Mode musulmane et mode pudique : Les principales différences régionales
Contrairement à ce que l’on pourrait penser, les styles du Moyen-Orient et du Sud-Est asiatique sont très différents. Le Moyen-Orient a ce look un peu minimaliste : l’abaya domine la garde -robe, déclinée cependant en mille versions différentes, alors qu’en Asie du Sud-Est on voit que les vêtements traditionnels sont intégrés à la mode modeste, notamment grâce au Batik (tissu imprimé selon une technique artisanale d’origine indonésienne). Aux Etats-Unis, en revanche, on trouve beaucoup de pièces de street Wear et sports wear assemblés pour former un style unique, contemporain.
Aux Etats-Unis, en revanche, on trouve beaucoup de pièces de street Wear et sports wear en mode modest et pudique assemblés pour former un style unique et contemporain.
Les créateurs d’Asie du Sud-Est ont été largement influencés par la mode modest d’autres pays asiatiques, notamment coréennes. Les artisans et couturiers travaillent encore énormément avec les créateurs indonésiens par exemple. On a tendance à croire en Occident que l’artisanat disparaît avec la mondialisation, mais ce n’est pas forcément vrai. Ils ont l’intention :
- d’une part de montrer que les garde-robes féminines musulmanes peuvent être contemporaines, faire partie intégrante de la société occidentale, qui les caractérisent tout en conservant les attributs « modestes » qui les caractérisent.
- D’autre part, de sortir de cette image unique et réductrice des femmes musulmanes. Les deux aspects jouent en faveur de l’intégration et de l’inclusion
N’hésitez pas à lire nos guides de la mode musulmane et modest par pays
Hijab à l’occidentale et foulard islamique
Le marché délicat de la mode islamique
L’annonce de la maison Dolce & Gabbana de la sortie de sa collection de hijabs et abayas (annonce assortie de la diffusion de premières images sur Instagram) n’a pas laissé indifférents les réseaux sociaux. Et le moins que l’on puisse dire est que les avis sont assez tranchés. Sur Facebook et Instagram, nombreux ont clamé leur stupéfaction, voir même leur indignation face à ce qui leur apparaissait comme une inconvenance, tandis que d’autres ont chaleureusement encouragé les deux designers pour leur esprit d’ouverture.

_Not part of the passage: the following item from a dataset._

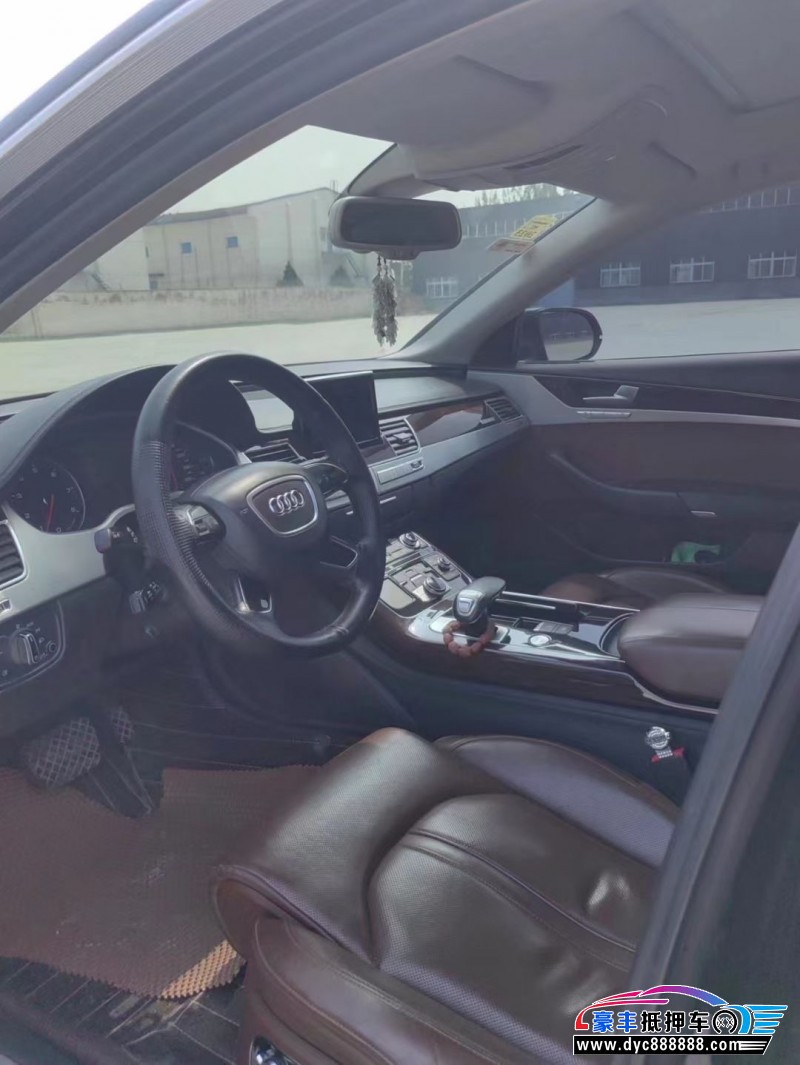 15年奥迪A8L轿车抵押车出售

Les détracteurs les plus virulents y ont vu une apologie malvenue de la mode « halal », les afficionados y ont vu de leur côté une adaptation légitime à la conquête de marché injustement inexplorés. Et il est vrai que jusqu’à maintenant, en Occident, si de célèbres créateurs comme Valentino (rachetée par un véhicule d’investissements de la famille royale qatarie, pour le compte de la Cheikha Mozah Bint Nasser, la deuxième des trois épouses de l’émir du Qatar), Elie Saab et Hussein Chalayan s’inspiraient de la culture du Moyen-Orient dans leurs créations, la question des hijabs et des abayas restait tabou. Un tabou désormais rompu non seulement par Dolce & Gabbana mais aussi par Uniqlo et H & M. Le site net-à-porter a lui aussi lancé des collections capsules destinées aux femmes musulmanes, sans compter les incursions discrètes de DKNY, Tommy Hilfinger ou encore Oscar de la Renta.